Engineers from MIT and the University of California Berkeley have created a solar-powered system that can turn air into drinking water. It has turned out to be very efficient, able to work when humidity is as low as 20%.
This can be a big step towards helping communities that have no access to potable water, aid those in the desert, or one day, serve astronauts traveling to dry, dusty planets.
Omar Yaghi, one of the study’s senior authors, said, “One vision for the future is to have water off-grid, where you have a device at home running on ambient solar for delivering water that satisfies the needs of a household.” Yaghi called this vision “personalized water,” the New York Post reports.
In order to make water, the engineers used a special material called a metal-organic framework, or MOF, from UC Berkeley. This material, which looks like a really fine powder, has tiny pores that can absorb and trap air. When sunlight is added to the mix, the water molecules are released and condensed, then turned into liquid form.
With just 2.2 pounds of MOF, this system can harvest 2.8 liters (or three quarts) of drinking water from the air in 12 hours.
We wanted to demonstrate that if you are cut off somewhere in the desert, you could survive because of this device. A person needs about a Coke can of water per day.

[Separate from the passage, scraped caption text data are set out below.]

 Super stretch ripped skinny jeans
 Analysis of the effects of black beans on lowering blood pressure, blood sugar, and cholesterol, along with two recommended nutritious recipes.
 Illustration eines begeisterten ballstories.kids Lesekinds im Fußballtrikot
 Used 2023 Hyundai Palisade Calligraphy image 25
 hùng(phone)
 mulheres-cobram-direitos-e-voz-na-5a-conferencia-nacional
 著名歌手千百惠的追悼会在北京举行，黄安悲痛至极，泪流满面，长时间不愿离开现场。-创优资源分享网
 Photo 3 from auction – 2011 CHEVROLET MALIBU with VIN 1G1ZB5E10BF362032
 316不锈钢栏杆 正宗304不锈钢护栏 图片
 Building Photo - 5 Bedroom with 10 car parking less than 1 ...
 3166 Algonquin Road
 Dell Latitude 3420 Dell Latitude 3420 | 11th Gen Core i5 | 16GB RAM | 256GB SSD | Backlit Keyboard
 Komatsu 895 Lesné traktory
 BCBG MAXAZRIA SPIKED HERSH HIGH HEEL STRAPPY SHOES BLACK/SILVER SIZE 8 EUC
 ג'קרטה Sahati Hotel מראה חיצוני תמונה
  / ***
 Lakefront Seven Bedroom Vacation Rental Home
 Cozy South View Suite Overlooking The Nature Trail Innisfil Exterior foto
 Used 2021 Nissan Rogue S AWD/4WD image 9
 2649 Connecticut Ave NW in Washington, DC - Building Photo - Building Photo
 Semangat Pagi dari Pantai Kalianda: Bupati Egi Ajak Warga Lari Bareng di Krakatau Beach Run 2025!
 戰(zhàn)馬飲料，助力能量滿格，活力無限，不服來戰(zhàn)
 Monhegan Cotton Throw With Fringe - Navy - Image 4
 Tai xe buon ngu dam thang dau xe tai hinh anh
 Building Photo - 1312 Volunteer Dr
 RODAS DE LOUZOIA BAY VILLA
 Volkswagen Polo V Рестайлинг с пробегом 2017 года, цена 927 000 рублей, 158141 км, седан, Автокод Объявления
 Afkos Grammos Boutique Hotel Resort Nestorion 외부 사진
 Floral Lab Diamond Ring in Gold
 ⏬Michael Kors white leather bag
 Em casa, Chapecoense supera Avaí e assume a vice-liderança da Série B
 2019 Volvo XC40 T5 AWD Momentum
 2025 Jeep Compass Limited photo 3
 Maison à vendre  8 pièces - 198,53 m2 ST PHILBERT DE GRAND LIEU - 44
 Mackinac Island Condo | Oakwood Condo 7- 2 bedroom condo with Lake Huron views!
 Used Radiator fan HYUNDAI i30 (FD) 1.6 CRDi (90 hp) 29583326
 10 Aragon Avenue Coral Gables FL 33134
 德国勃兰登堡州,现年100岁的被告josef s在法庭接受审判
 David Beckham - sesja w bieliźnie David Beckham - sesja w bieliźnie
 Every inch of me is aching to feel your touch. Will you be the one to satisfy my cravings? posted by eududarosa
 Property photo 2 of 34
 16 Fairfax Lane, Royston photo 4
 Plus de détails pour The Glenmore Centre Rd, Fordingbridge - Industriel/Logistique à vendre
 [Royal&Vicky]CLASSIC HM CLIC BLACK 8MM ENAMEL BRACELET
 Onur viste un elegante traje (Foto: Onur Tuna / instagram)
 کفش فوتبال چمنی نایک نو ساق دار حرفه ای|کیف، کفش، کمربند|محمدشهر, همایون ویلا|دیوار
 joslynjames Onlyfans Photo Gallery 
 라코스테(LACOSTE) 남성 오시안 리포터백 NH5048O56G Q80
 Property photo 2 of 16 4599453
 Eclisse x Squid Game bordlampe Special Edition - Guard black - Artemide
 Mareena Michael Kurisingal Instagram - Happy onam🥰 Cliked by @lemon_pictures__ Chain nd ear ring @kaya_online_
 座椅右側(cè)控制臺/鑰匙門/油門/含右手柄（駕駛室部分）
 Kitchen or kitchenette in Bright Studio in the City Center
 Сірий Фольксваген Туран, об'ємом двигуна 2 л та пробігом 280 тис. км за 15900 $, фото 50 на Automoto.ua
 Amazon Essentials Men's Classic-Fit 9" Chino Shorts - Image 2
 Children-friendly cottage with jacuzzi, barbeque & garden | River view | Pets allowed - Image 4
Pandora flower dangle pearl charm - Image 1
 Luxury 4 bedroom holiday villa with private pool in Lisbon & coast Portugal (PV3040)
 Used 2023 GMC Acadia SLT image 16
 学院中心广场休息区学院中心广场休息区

That is something one could collect in less than an hour with this system.
The technology is a long way from being ready for commercial use, but the team behind it says this breakthrough has laid the groundwork for a device that could deliver potable water to many parts of the world. It can also be used in many other applications.
Evelyn Wang from MIT explained that the next step is to create a 30-liter system that can provide drinking water for a family of four daily, which she says could be possible in the next two years, Newsweek reports.
The study was published in the journal Science.